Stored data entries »
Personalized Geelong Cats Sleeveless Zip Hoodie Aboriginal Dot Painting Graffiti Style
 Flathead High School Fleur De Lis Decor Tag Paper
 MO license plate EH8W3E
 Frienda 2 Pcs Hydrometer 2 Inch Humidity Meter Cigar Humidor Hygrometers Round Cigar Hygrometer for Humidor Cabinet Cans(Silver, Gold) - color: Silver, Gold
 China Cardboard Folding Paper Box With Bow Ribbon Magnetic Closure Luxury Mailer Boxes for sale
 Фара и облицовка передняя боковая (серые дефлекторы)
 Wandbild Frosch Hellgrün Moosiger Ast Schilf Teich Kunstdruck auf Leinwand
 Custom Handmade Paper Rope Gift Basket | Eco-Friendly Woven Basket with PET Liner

ABOUT THIS TASK » Among the lines above, find those with the word "Paper". Copy them.

FINISHED EXERCISE »
 Flathead High School Fleur De Lis Decor Tag Paper
 China Cardboard Folding Paper Box With Bow Ribbon Magnetic Closure Luxury Mailer Boxes for sale
 Custom Handmade Paper Rope Gift Basket | Eco-Friendly Woven Basket with PET Liner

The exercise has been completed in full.